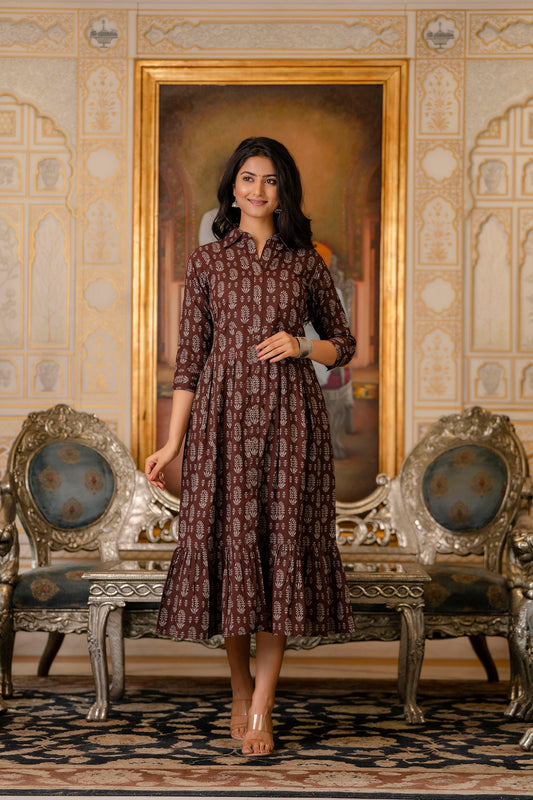 Women Brown Ethnic Printed Flared Dress | LASVINI - Redefining Indian Fashion with Elegance
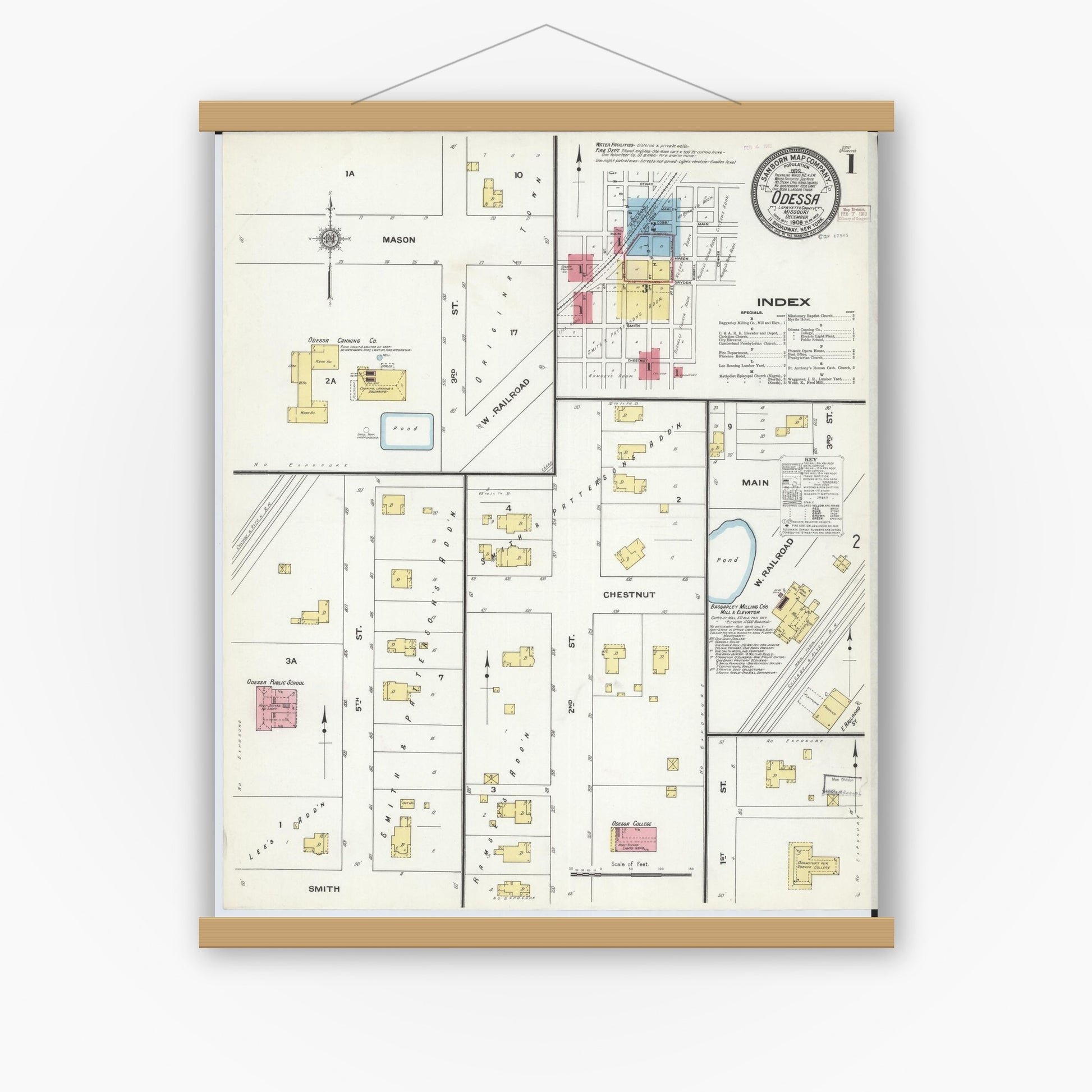Old map wall art mockup — magnetic wood frame on white wall — Sanborn Fire Insurance Map from Odessa, Lafayette County, Missouri (1909) - Complete Map Set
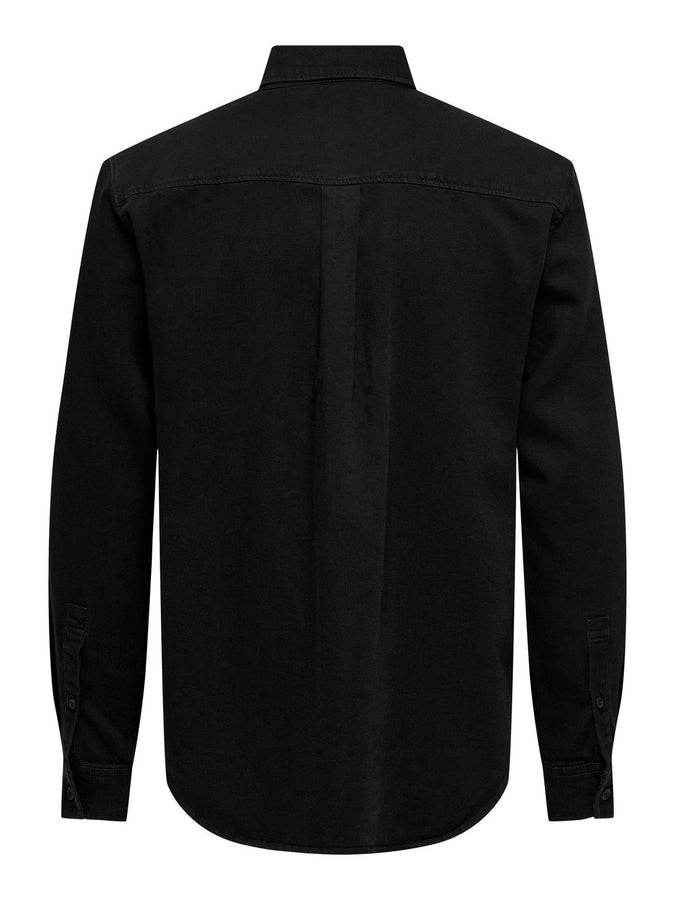 Only & Sons Orson Long Sleeve Buttondown Shirt Fall 2026 | BLACK DENIM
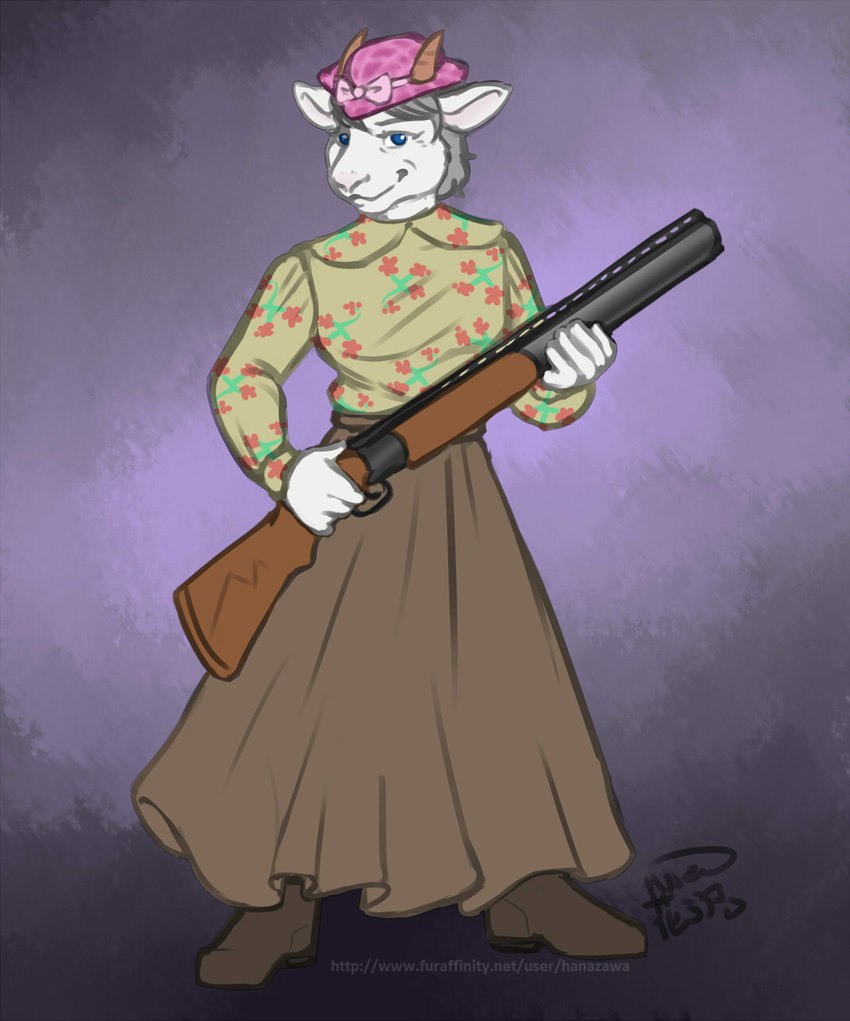 anthro biped blue_eyes boots bottomwear brown_bottomwear brown_clothing brown_skirt clothed clothing female footwear gun hat headgear headwear holding_gun holding_object holding_ranged_weapon holding_weapon horn long_skirt long_sleeve_shirt pattern_clothing pattern_shirt pattern_topwear pink_clothing pink_hat pink_headwear purple_background ranged_weapon shirt shoes simple_background skirt solo standing topwear weapon hanazawa bovid caprine goat mammal 2023 full-length_portrait hi_res portrait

- **What you are asked to do**
What is needed is an exact copy of the data, with the pictures removed.

- **Task answer**
 Women Brown Ethnic Printed Flared Dress | LASVINI - Redefining Indian Fashion with Elegance
Old map wall art mockup — magnetic wood frame on white wall — Sanborn Fire Insurance Map from Odessa, Lafayette County, Missouri (1909) - Complete Map Set
 Only & Sons Orson Long Sleeve Buttondown Shirt Fall 2026 | BLACK DENIM
 anthro biped blue_eyes boots bottomwear brown_bottomwear brown_clothing brown_skirt clothed clothing female footwear gun hat headgear headwear holding_gun holding_object holding_ranged_weapon holding_weapon horn long_skirt long_sleeve_shirt pattern_clothing pattern_shirt pattern_topwear pink_clothing pink_hat pink_headwear purple_background ranged_weapon shirt shoes simple_background skirt solo standing topwear weapon hanazawa bovid caprine goat mammal 2023 full-length_portrait hi_res portrait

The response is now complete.